(RECORDED DATA begins)

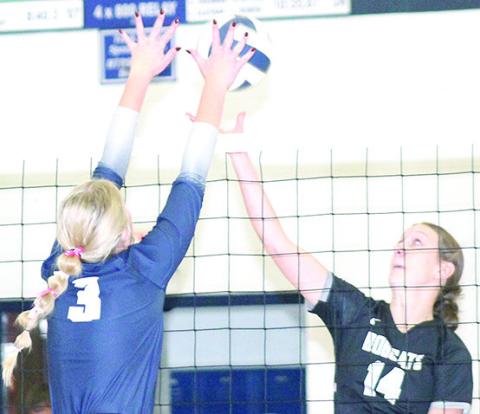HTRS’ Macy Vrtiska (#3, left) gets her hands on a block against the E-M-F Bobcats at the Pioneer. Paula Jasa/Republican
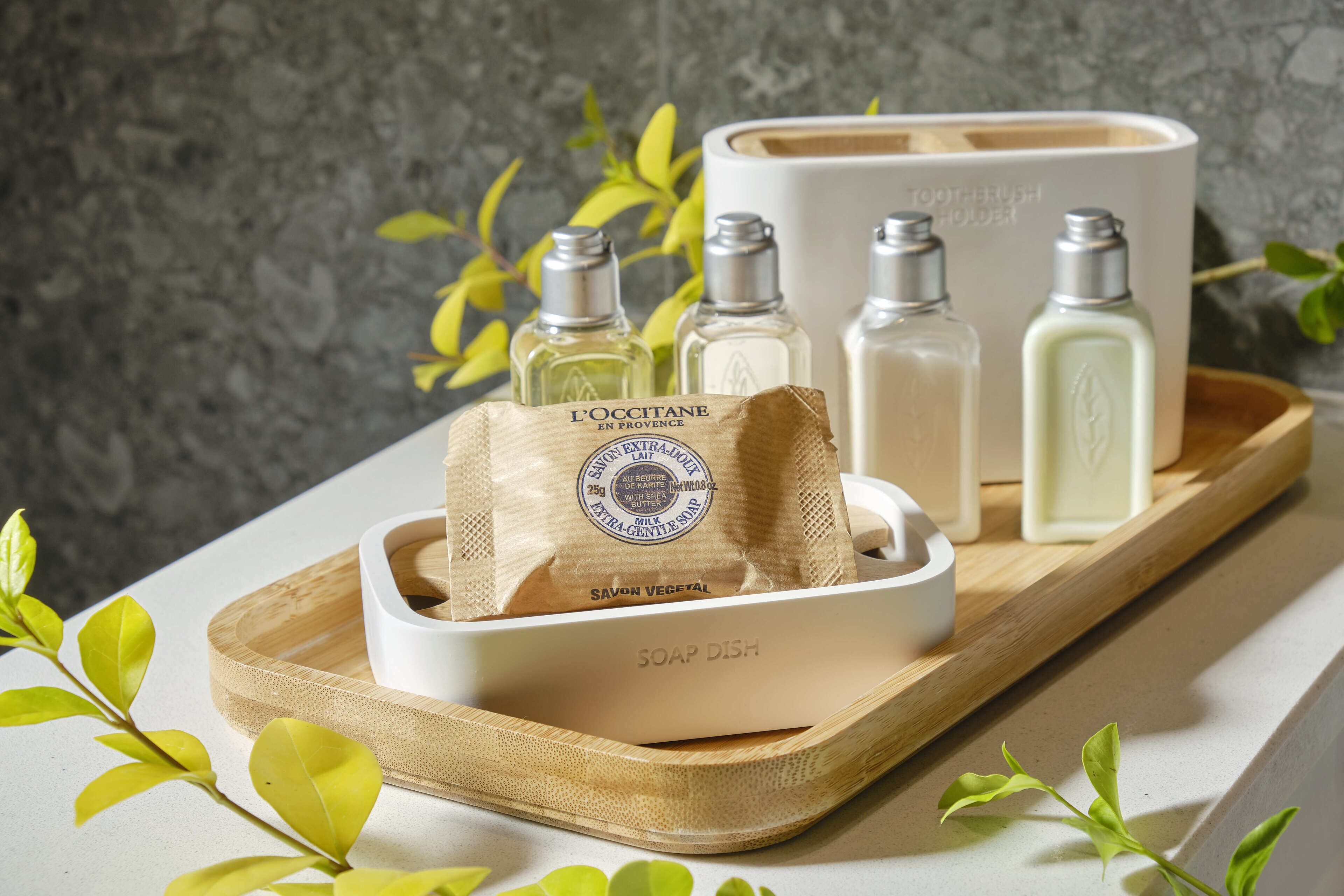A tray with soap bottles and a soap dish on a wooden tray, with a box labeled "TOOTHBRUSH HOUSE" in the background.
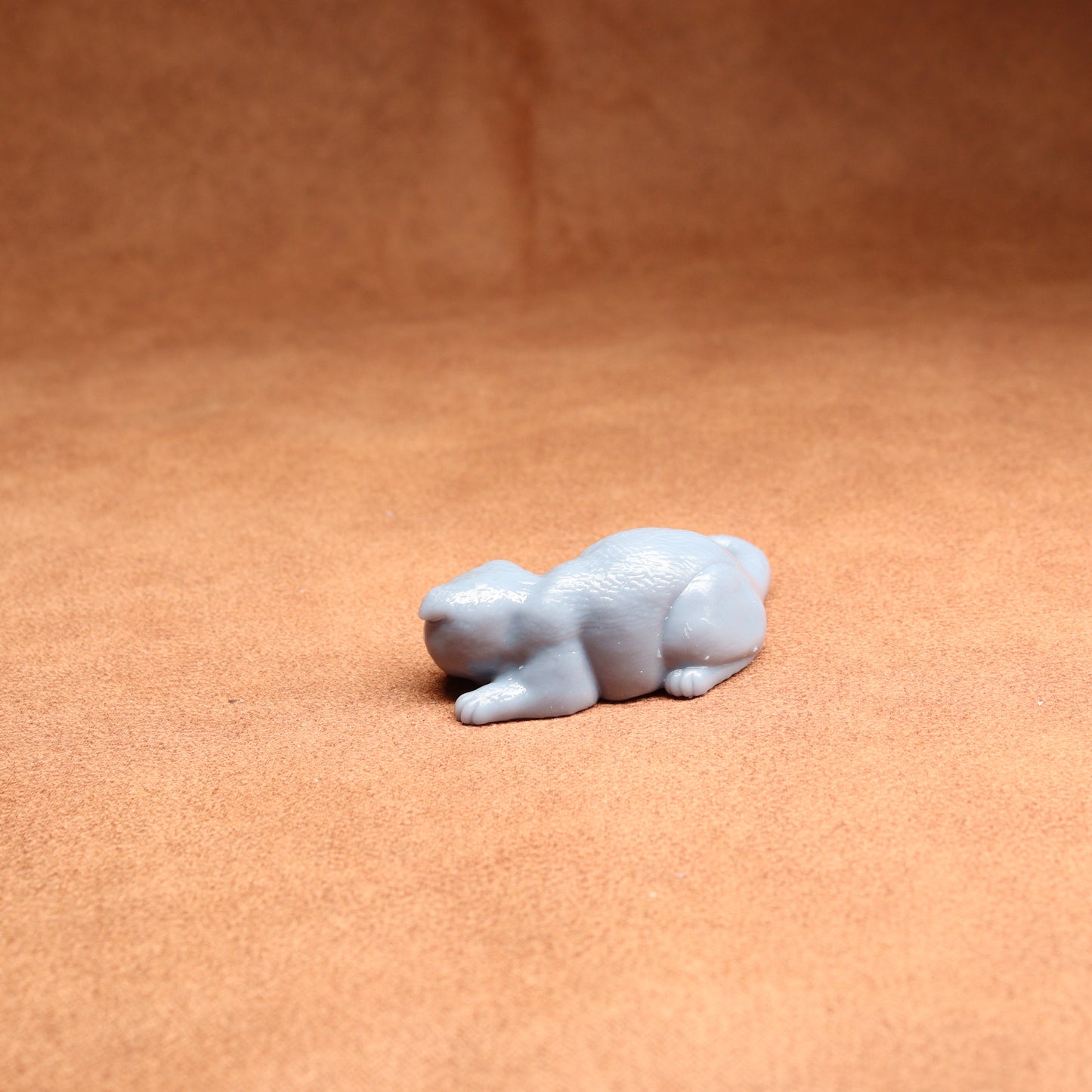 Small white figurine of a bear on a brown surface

(RECORDED DATA ends)

Reproduce the material above in full, exactly, with no images.

HTRS’ Macy Vrtiska (#3, left) gets her hands on a block against the E-M-F Bobcats at the Pioneer. Paula Jasa/Republican
A tray with soap bottles and a soap dish on a wooden tray, with a box labeled "TOOTHBRUSH HOUSE" in the background.
 Small white figurine of a bear on a brown surface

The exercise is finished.